§ **WHAT IS EXPECTED**:
Should the listing contain images, exclude them; give the rest again exactly.
Start of DATA PROVIDED
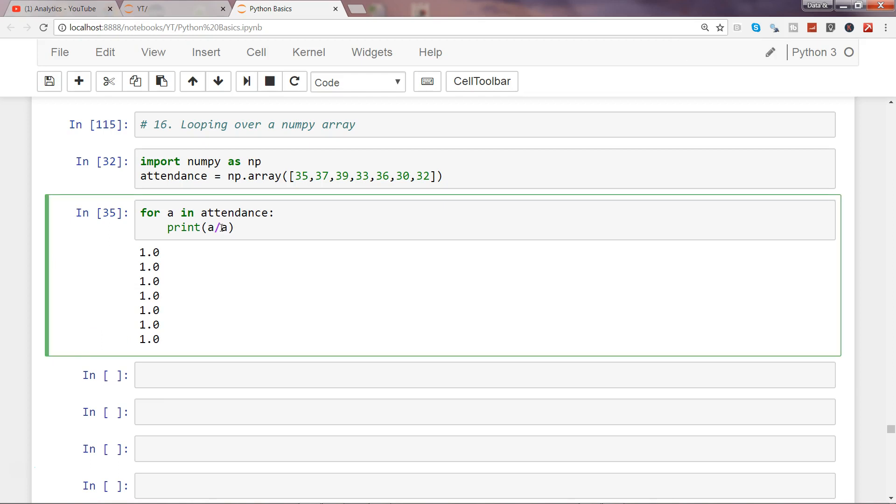It's just that operations become very efficient when you are iterating over a numpy array or a list with the help of for loop because it goes into each element and gives you the output.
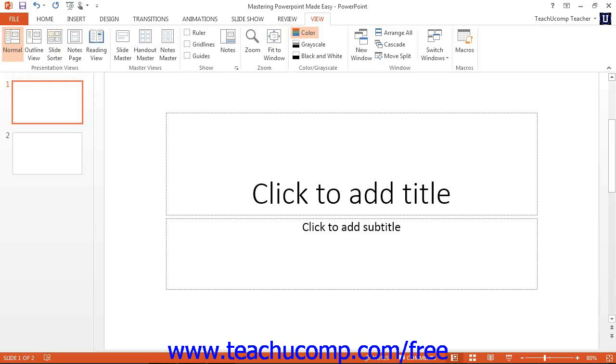You also have a pane at the bottom of the slide that you can use to access the notes page view. We will examine each of these different views in later chapters.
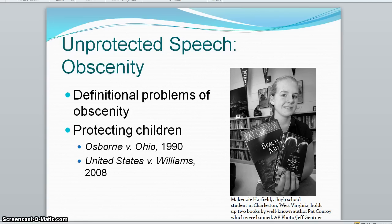Material is considered to be obscene if: one, the average person finds it violates community standards; two, the work as a whole appeals to a prurient interest in sex; and three, the work shows patently offensive sexual conduct.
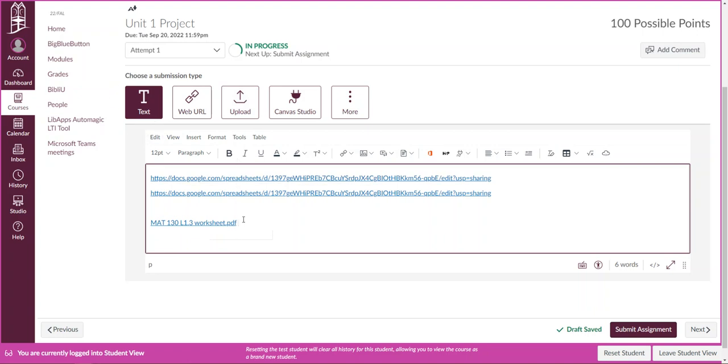If you already submitted part of it and you need to come back and do a second submission that's fine. As long as it's all in the assignment I'm going to be able to find it, but I just want to share that there were two different ways depending on what type of file you had to get your information posted in one attempt.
End of DATA PROVIDED
§ **WRITTEN RESPONSE**:
It's just that operations become very efficient when you are iterating over a numpy array or a list with the help of for loop because it goes into each element and gives you the output.
You also have a pane at the bottom of the slide that you can use to access the notes page view. We will examine each of these different views in later chapters.
Material is considered to be obscene if: one, the average person finds it violates community standards; two, the work as a whole appeals to a prurient interest in sex; and three, the work shows patently offensive sexual conduct.
If you already submitted part of it and you need to come back and do a second submission that's fine. As long as it's all in the assignment I'm going to be able to find it, but I just want to share that there were two different ways depending on what type of file you had to get your information posted in one attempt.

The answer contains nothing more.